At VictoriaMetrics, we built vlagent as a high-performance log collector for VictoriaLogs. To validate its performance and correctness under a real production-like load, we developed a benchmark suite and ran it against 8 popular log collectors. This post covers the methodology, throughput results, resource usage, and delivery correctness.
Collectors under the test:
Promtail and Grafana Agent are the predecessors to Grafana Alloy. They were included to show the performance difference between generations.
We’ve made all benchmark configurations and source code public,
so you can reproduce and verify the results independently.
The benchmark source code is available at: https://github.com/VictoriaMetrics/log-collectors-benchmark
The benchmark consists of four parts:
log-generator - a program deployed as multiple Pods, each writing JSON log records to stdout at a configurable rate.
Each record contains a sequence_id (monotonically increasing integer), timestamp, and a randomly selected subset
of fields typical for structured logs in Kubernetes applications: log level, component name, HTTP method, status, etc.
The average record size is ~216 bytes.
{"_time":"...","_msg":"API rate limit exceeded","sequence_id":50,"level":"DEBUG","status_code":404}
{"_time":"...","_msg":"Payment transaction initiated","sequence_id":51,"level":"INFO","component":"user-service","method":"GET","status_code":500,"duration_ms":209,"user_id":"user_5111","bytes_sent":3836,"region":"ap-southeast-1"}
{"_time":"...","_msg":"Service health check passed","sequence_id":52,"level":"ERROR","component":"notification-service","method":"PUT","status_code":503,"duration_ms":920,"user_id":"user_9899","bytes_sent":5601,"error_type":"AuthenticationError","trace_id":"trace-a1b2c3d4"}
{"_time":"...","_msg":"User authentication completed","sequence_id":53,"component":"payment-service","status_code":201,"duration_ms":322,"user_id":"user_9454"}
Log collector - the system under test. Tails Pod logs from /var/log/pods or /var/log/containers,
parses JSON-encoded log entry content generated by a log-generator Pod, and ships records to log-verifier
using a collector-specific protocol:
JSON Lines (vlagent, Vector, Fluent Bit, Fluentd),
Loki (Alloy, Grafana Agent, Promtail),
Elasticsearch (Filebeat),
OpenTelemetry (OpenTelemetry Collector).
log-verifier - receives logs from collectors, supporting all protocols listed above.
For each collector + Pod pair it tracks the maximum observed sequence_id and the total number of received logs.

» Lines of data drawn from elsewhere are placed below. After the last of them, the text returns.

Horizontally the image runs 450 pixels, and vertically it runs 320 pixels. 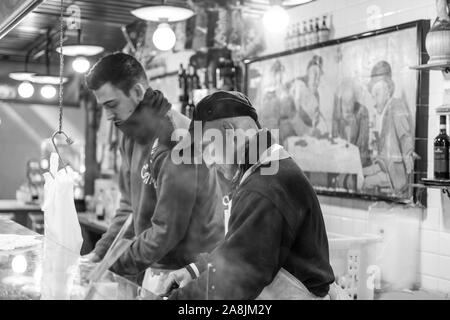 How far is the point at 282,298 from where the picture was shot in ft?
5.12

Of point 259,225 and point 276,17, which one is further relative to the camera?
point 276,17

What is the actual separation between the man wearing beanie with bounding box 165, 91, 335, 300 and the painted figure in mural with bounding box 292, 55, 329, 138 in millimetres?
2379

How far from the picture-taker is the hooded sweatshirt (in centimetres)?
208

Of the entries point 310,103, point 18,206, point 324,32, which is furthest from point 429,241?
point 18,206

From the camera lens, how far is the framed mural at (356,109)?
3318 mm

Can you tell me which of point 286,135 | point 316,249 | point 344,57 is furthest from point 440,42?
point 316,249

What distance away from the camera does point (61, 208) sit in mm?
2193

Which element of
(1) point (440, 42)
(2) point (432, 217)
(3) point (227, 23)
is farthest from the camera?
(3) point (227, 23)

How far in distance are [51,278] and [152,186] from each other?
0.70 m

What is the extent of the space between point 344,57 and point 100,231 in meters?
1.93

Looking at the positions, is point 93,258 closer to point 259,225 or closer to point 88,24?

Since sequence_id starts at 1 and increments strictly by 1, any gap between the two values indicates lost logs.
It also tracks delivery latency - the time between log record generation and its arrival at log-verifier - as a histogram.
All metrics are exposed via Prometheus.
VictoriaMetrics + Grafana - collect and visualize container CPU/memory metrics and log-verifier output.

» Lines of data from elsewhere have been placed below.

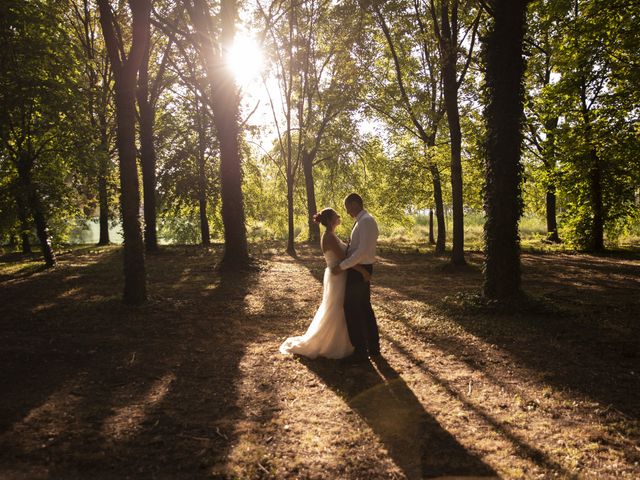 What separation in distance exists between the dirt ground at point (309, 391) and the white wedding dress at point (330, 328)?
25 cm

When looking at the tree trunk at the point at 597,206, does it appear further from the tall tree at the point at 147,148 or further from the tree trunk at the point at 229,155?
the tall tree at the point at 147,148

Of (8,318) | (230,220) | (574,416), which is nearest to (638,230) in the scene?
(230,220)

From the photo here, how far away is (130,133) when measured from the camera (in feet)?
30.1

The benchmark ran on a Google Cloud n2-highcpu-32 VM (32 vCPUs, 32 GiB RAM, local SSD disk)
running all components - log collectors, log-generator, log-verifier, VictoriaMetrics, vmagent, and Grafana -
in a single-Node kind Kubernetes cluster.

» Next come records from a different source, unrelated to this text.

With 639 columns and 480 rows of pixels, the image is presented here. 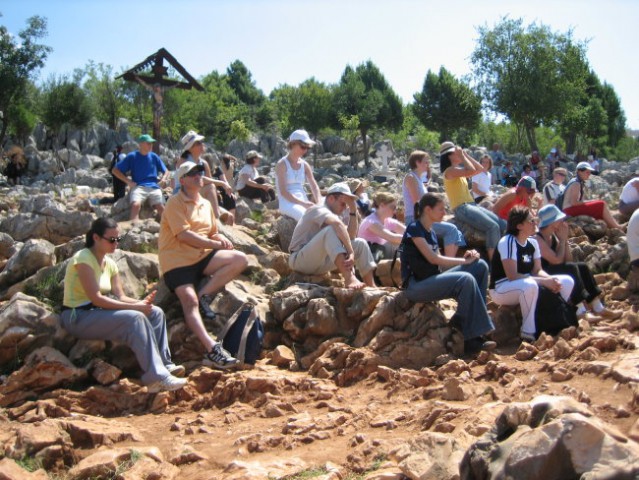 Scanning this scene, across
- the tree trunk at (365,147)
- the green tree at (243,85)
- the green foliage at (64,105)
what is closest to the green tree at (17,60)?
the green foliage at (64,105)

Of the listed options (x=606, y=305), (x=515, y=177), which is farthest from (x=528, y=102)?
(x=606, y=305)

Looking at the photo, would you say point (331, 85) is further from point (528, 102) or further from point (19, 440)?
point (19, 440)

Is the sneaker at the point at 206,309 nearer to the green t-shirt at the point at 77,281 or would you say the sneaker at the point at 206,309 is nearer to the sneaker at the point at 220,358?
the sneaker at the point at 220,358

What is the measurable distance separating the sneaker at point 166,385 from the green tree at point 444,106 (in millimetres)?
37907

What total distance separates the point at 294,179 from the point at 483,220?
2.41 m

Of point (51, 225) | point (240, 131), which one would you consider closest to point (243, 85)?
point (240, 131)

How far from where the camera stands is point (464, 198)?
28.4ft

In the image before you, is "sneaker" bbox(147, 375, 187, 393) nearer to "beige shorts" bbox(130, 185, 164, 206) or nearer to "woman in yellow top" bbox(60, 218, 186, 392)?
"woman in yellow top" bbox(60, 218, 186, 392)

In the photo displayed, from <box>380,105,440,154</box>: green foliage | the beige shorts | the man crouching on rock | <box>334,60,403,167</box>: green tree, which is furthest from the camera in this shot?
<box>380,105,440,154</box>: green foliage

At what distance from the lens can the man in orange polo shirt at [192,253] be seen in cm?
688

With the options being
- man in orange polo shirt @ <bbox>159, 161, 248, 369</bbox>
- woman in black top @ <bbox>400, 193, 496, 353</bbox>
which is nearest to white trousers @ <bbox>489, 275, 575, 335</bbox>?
woman in black top @ <bbox>400, 193, 496, 353</bbox>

Running all collectors on the same Node with a local SSD shared across the collector Pods is intentional. Local SSD provides enough write IO bandwidth for storing the logs generated by log-generator. Log files read by collectors are likely to be cached by the OS page cache, so the disk read IO shouldn’t be a bottleneck too. For CPU and RAM, collectors in production typically share a Node with other workloads - running all collectors simultaneously emulates that contention. The Node CPU utilization stayed below 50% throughout the benchmark, so there was enough headroom for all collectors to compete fairly without the Node itself becoming a bottleneck.
Every collector was deployed via its official Helm chart with identical resource constraints:
No performance tuning was applied to any collector - no custom buffer sizes, batch sizes, flush intervals, worker thread counts, or runtime parameters such as GC settings. All configurations are based on the official Helm chart defaults with only the minimal changes required to integrate with the benchmark environment.
The graph below shows log ingestion rate over time across all collectors running simultaneously, with 100 independent log-generator Pods each writing to its own dedicated log file:
Log ingestion rate (logs/sec). vlagent in blue reaches ~143k logs/sec at peak. All other collectors plateau between 5k-40k
vlagent continues scaling linearly as load increases, while other log collectors hit a ceiling below 40k logs/sec. The second-place Fluent Bit plateaus at 31.3k - 4.5x lower than vlagent’s peak.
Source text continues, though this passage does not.